[Annotated photo localization data]
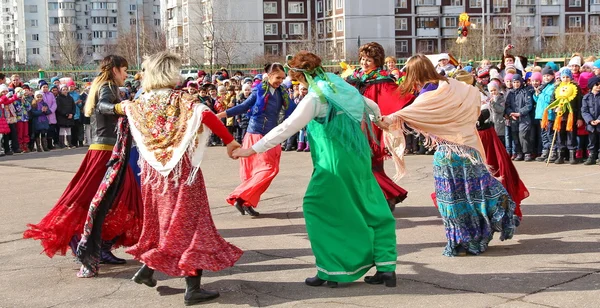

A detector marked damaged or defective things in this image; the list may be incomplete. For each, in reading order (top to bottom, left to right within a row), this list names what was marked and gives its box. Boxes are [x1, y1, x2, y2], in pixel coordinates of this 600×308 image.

cracked pavement [1, 148, 600, 306]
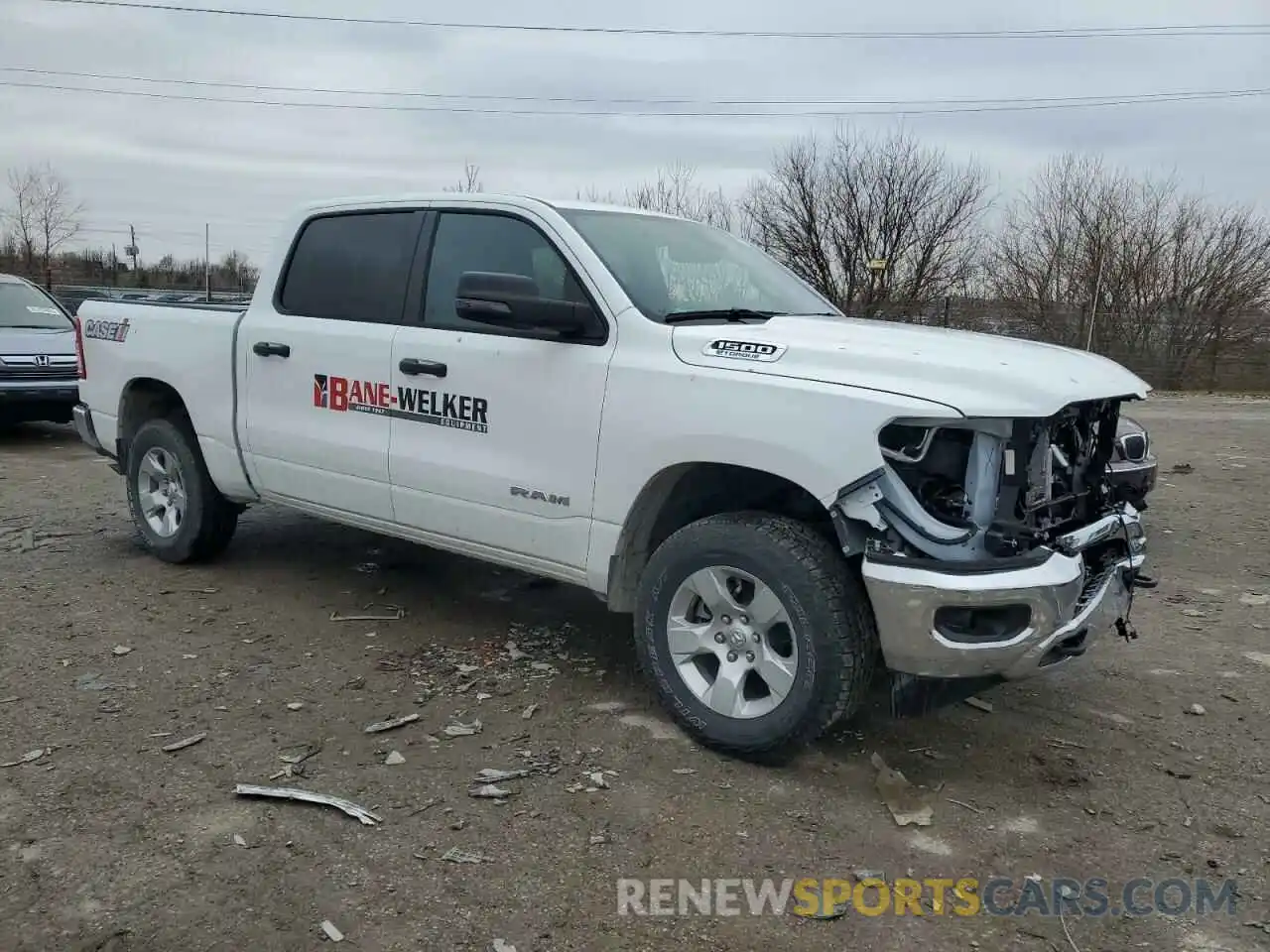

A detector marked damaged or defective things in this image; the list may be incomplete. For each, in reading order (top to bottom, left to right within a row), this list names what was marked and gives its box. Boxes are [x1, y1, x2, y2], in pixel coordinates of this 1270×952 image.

damaged front end of truck [827, 398, 1158, 721]
damaged front bumper [848, 508, 1148, 685]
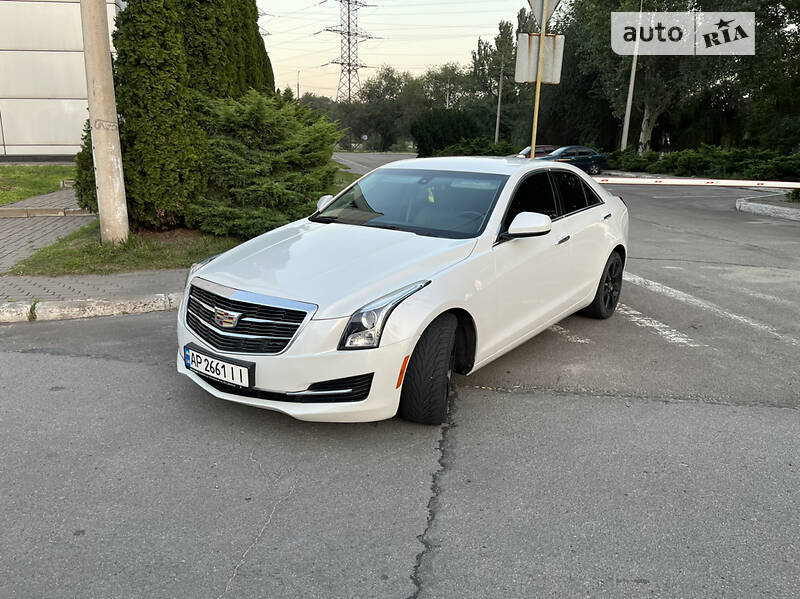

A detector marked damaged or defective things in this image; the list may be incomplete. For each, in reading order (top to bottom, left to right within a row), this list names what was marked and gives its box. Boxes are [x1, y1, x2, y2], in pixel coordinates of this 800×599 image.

crack in asphalt [410, 386, 460, 596]
crack in asphalt [466, 386, 796, 410]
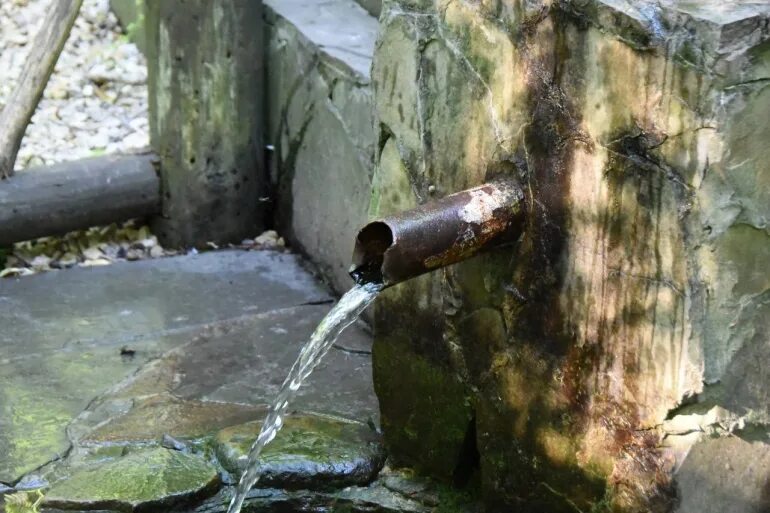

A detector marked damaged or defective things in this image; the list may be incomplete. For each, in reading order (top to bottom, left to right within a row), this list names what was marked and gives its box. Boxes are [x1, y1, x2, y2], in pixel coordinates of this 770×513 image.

rusty metal pipe [350, 179, 524, 284]
rust stain on pipe [350, 179, 524, 284]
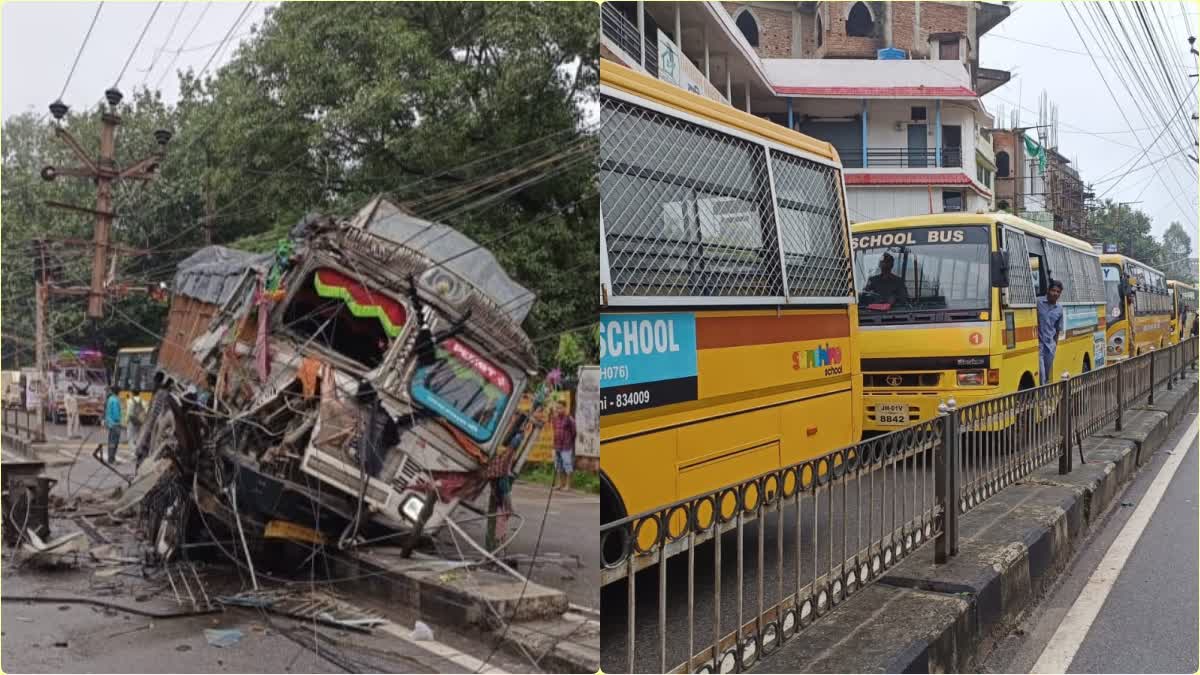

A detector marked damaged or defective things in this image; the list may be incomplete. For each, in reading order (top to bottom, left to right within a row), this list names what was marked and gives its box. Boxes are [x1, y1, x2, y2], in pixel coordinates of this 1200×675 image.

wrecked truck [126, 195, 544, 562]
shattered truck windshield [282, 265, 408, 365]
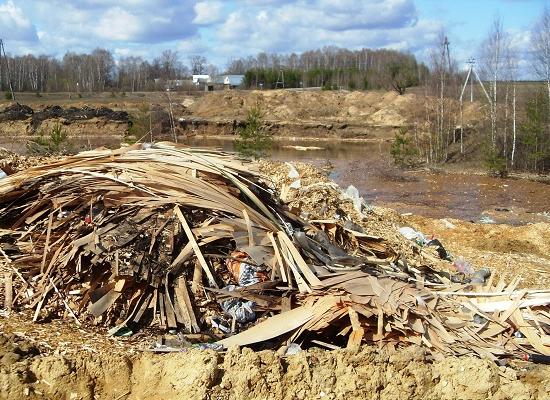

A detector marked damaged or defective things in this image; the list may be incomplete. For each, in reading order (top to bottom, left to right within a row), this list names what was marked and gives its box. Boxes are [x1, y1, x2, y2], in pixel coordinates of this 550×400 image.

splintered wood [0, 142, 548, 360]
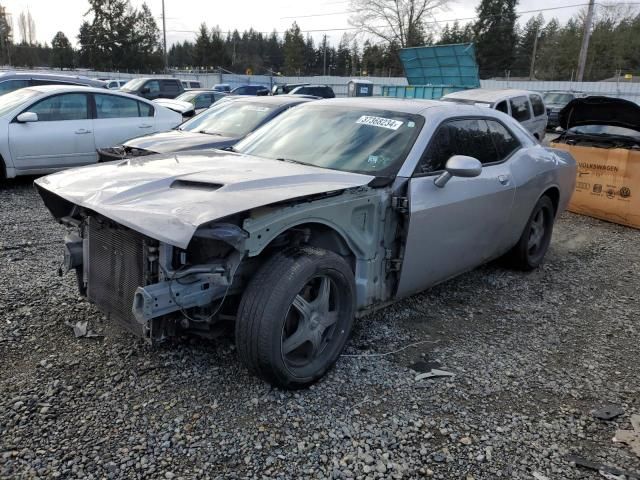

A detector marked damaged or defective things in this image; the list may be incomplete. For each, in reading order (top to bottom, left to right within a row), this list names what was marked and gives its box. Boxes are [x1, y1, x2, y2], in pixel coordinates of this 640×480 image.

severe front damage [35, 150, 398, 342]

Assignment:
From the line containing "this 1200×675 image." through the last line of the entries, both included, print each line exactly and omit any picture.

Answer:
A detector marked damaged or defective things in this image; the list may be incomplete. For each, in reading order (top to bottom, left to right within a row), this list names what was marked and gives its box. Boxes are [x1, y1, x2, y2], in pixel coordinates of this 1200×675 image.

wrecked truck [126, 195, 544, 562]
shattered truck windshield [282, 265, 408, 365]

A detector marked damaged or defective things in this image; the list may be incomplete. For each, in reading order (top to bottom, left to right within a row), this list names what was marked and gives its box. Boxes are [x1, y1, x2, y2], in pixel coordinates of this 550×400 image.

splintered wood [0, 142, 548, 360]

A detector marked damaged or defective things in this image; the list may be incomplete. For each, in reading order (top to bottom, left to right within a row), this list names what was marked and gives its box. Boxes are [x1, y1, x2, y2], in pixel coordinates of this 640×480 image.

severe front damage [35, 150, 398, 342]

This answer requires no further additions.